AStitchInLanguageModels: Dataset and Methods for the Exploration of Idiomaticity in Pre-Trained Language Models
This package contains the dataset AStitchInLanguageModels and associated task information.
This dataset and associated tasks were introduced in our (findings of) EMNLP 2021 paper "AStitchInLanguageModels: Dataset and Methods for the Exploration of Idiomaticity in Pre-Trained Language Models". Please cite this paper if you use any of the data or methods from this package.
The paper will be made available by the 9th of September
This is a novel dataset consisting of:
- Naturally occurring sentences (and two surrounding sentences) containing potentially idiomatic MWEs annotated with a fine-grained set of meanings: compositional meaning, idiomatic meaning(s), proper noun and "meta usage". See Tasks (Task 1, Task 2) for details and Raw Data Section for complete data.
- Data in both Portuguese and English
- Paraphrases for each meaning of each MWE; (See Extended Noun Compound Senses Dataset)
In addition, we use this dataset to define two tasks:
- These tasks are aimed at evaluating i) a model’s ability to detect idiomatic use (Task 1), and ii) the effectiveness of sentence embeddings in representing idiomaticity (Task 2).
- These tasks are presented in multilingual, zero-shot, one-shot and few-shot settings.
- We provide strong baselines using state-of-the-art models, including experiments with one-shot and few-shot setups for idiomaticity detection and the use of the idiom principle for detecting and representing MWEs in contextual embeddings. Our results highlight the significant scope for improvement.
- Prerequisites
- Task 1: Idiomaticity Detection
- Task 2: Idiomaticity Representation
- Extended Noun Compound Senses Dataset
- Task Independent Data
- Citation
The scripts in this package have been tested using Python 3.8.6 and PyTorch 1.7.1. The additionally require the following packages. Please note that this will overwrite existing versions of your package. For this reason we suggest you use a virtual environment.

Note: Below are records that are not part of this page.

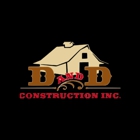 D&D Construction, Inc.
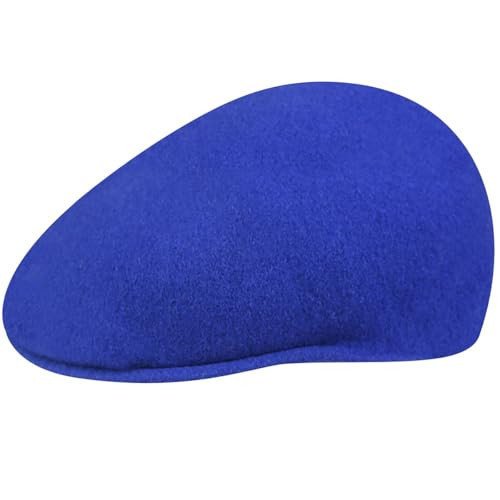 Kangol Wool 504 - Starry Blue/L | Amazon (US)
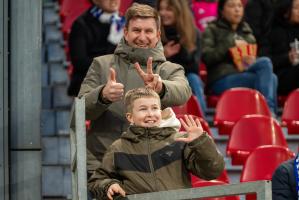 F.C. København - FC Midtjylland - 23/02-2025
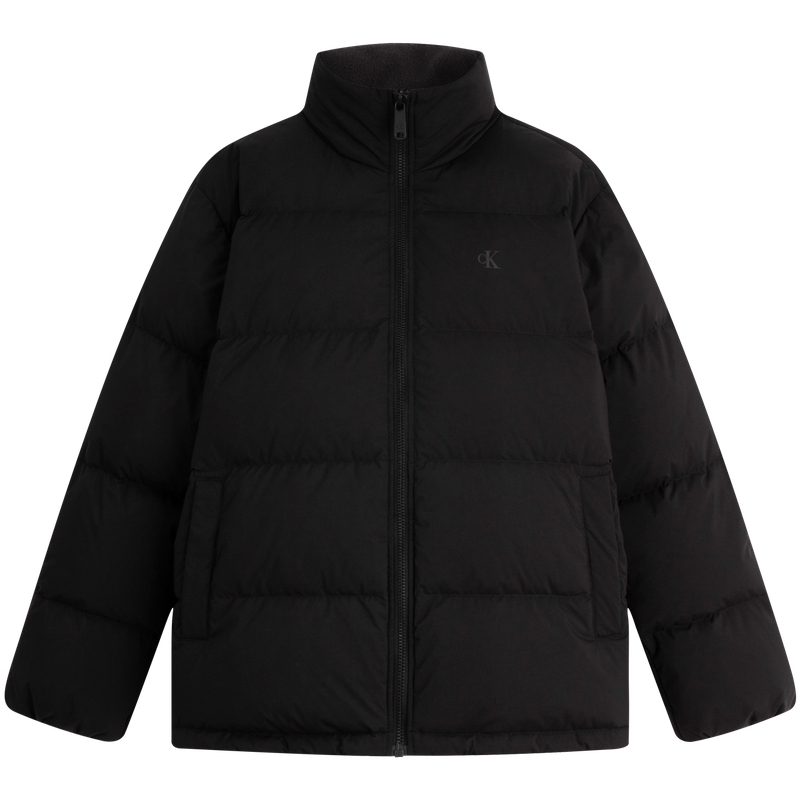 Calvin Klein  Waterproof Down Jacket - Casual Commuter Outerwear J326958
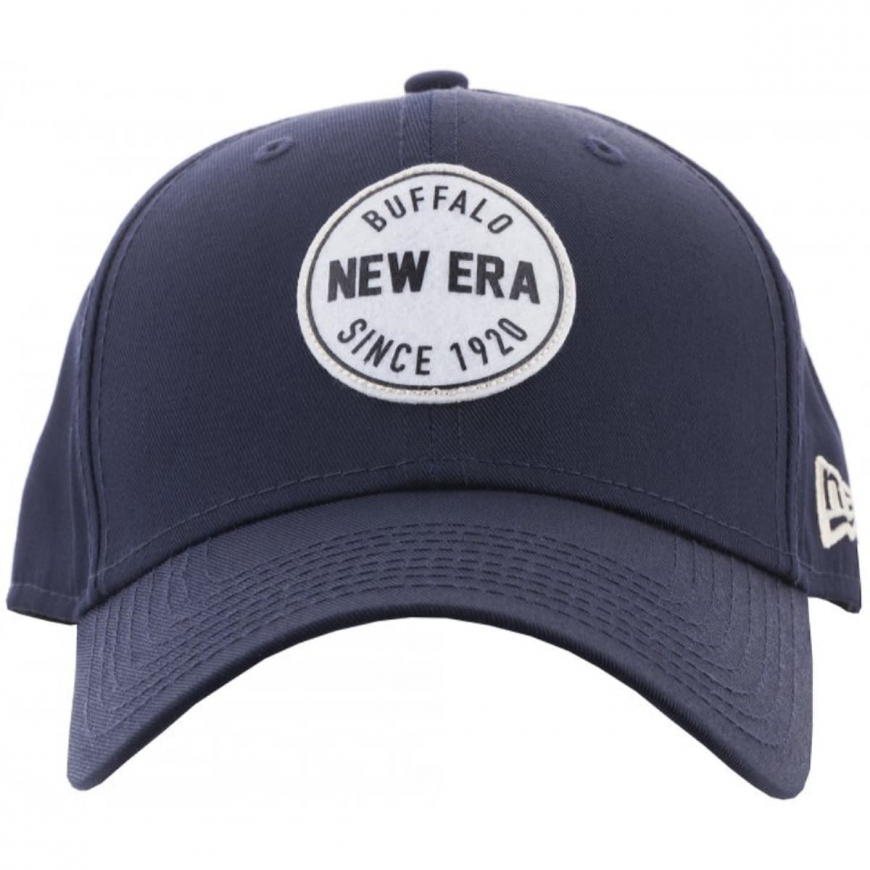 Бейсболка New Era 11423447 - Зображення №2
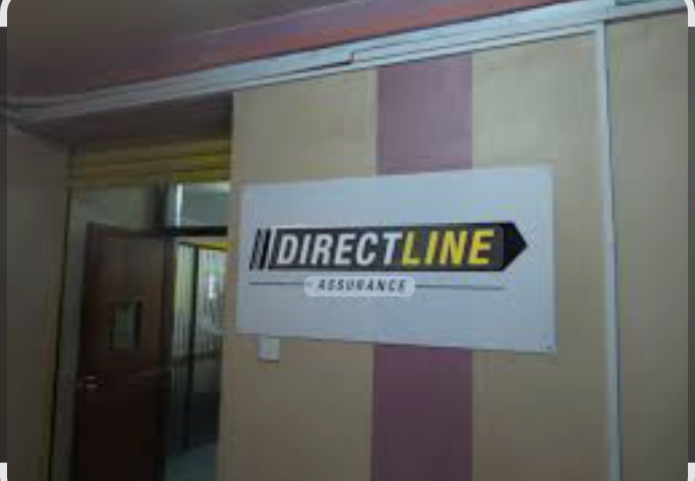 Directline Insurance headquarters after CAK imposed a Sh85 million fine for abuse of buyer power.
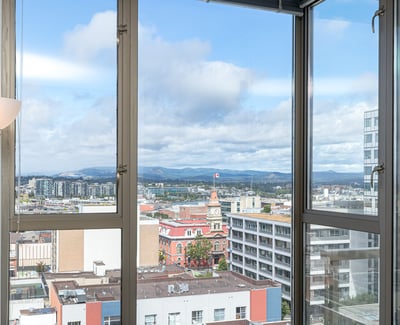 760 Johnson St, 1204, Victoria, BC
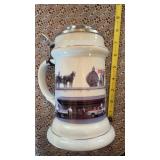 Straub Beer Stein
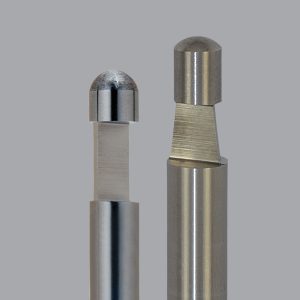 27-00 Solid Carbide - Laminate Trim | Onsrud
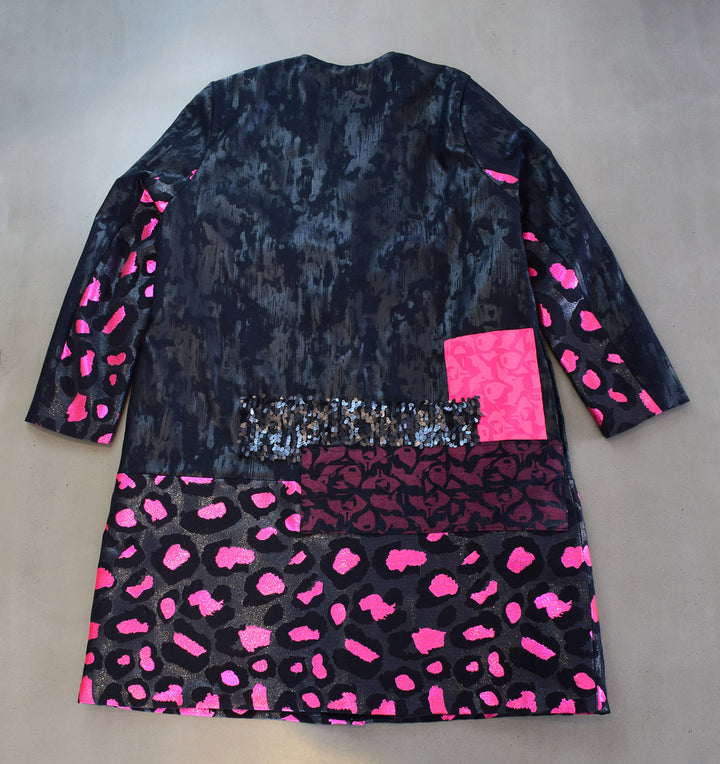 Lollipop coat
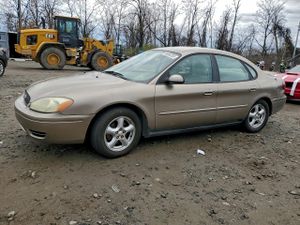 Ford Taurus SE 3.0L 6 2004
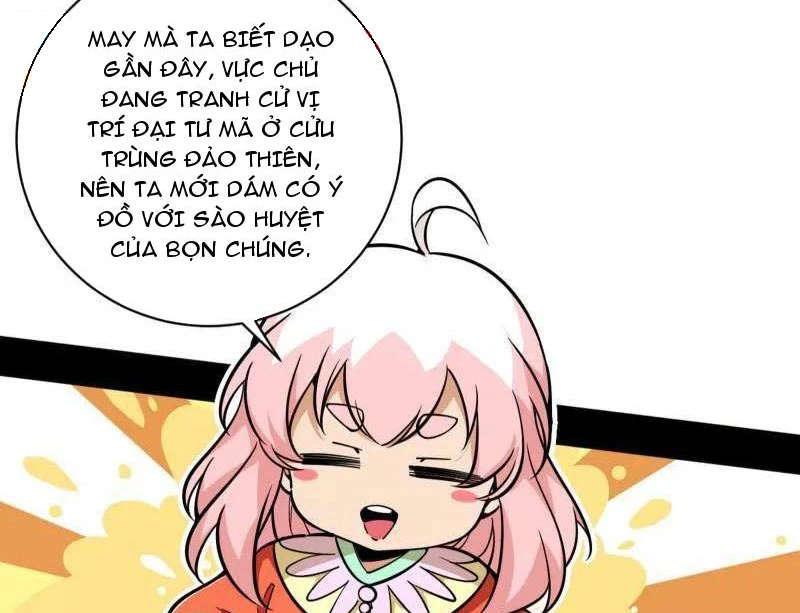 Ta Là Tà Đế Chapter 523 - Trang 4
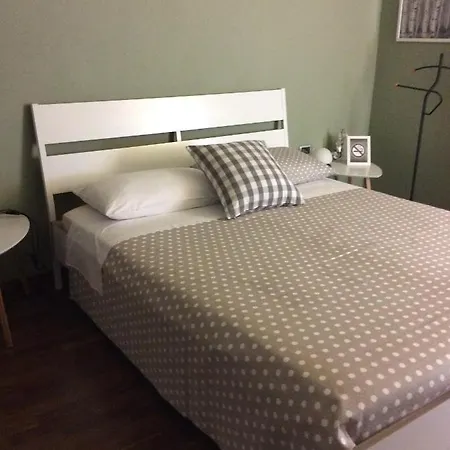 Le Betulle Bed & Breakfast Zanica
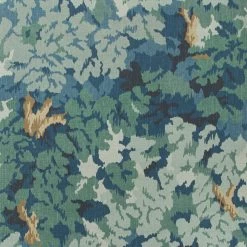 Taiga Forest Wallpaper, 11 Yard Roll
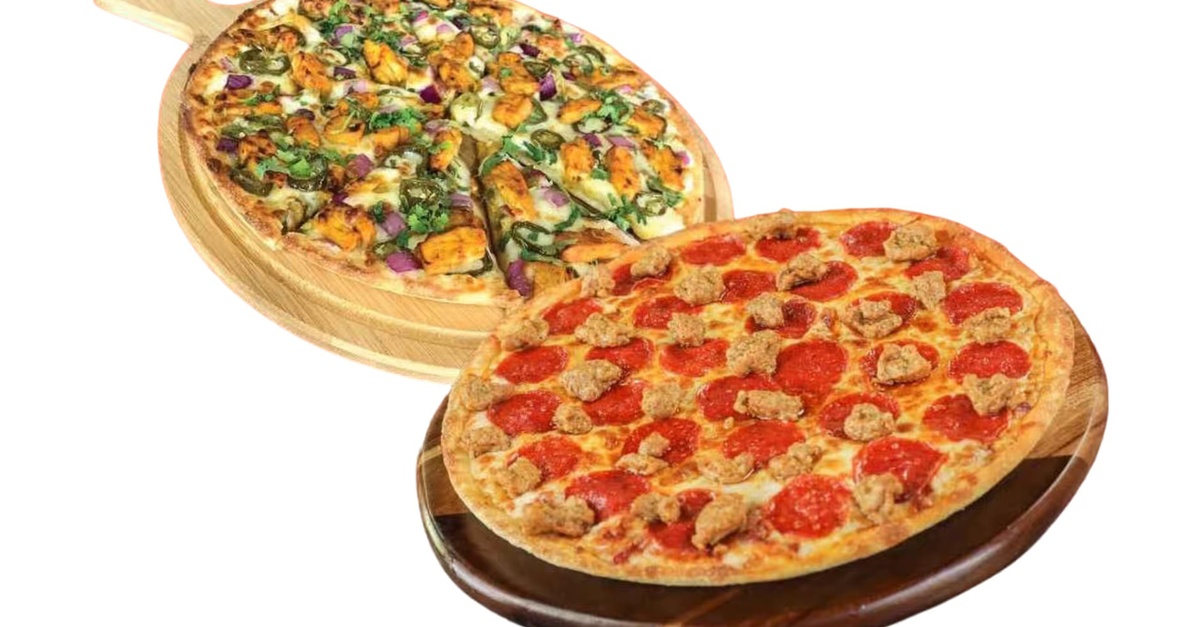 Savor the Flavor of 2 Large 3-Topping Pizzas or Any Large Specialty at Chicagos Pizza Twist (Up to 20% Off)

While we use Sentence Transformers to generate sentence embeddings that can be compared using cosine similarity, we make some changes to ensure that it can use custom tokenizers. Please install the location version available at dependencies/sentence-transformers.
cd AStitchInLanguageModels/dependencies/sentence-transformers
pip3 install -e .
Download version 4.7.0 from here.
cd transformers-4.7.0
pip3 install -e .
pip3 install datasets==1.6.1
pip3 install tqdm==4.49.0
pip3 install nltk==3.6.2
And from your Python prompt:
>>> import nltk
>>> nltk.download('punkt')
The first task we propose is designed to evaluate the extent to which models can identify idiomaticity in text and consists of two Subtasks: a coarse-grained classification task (Subtask A) and a fine-grained classification task (Subtask B). The evaluation metric for this task is F1.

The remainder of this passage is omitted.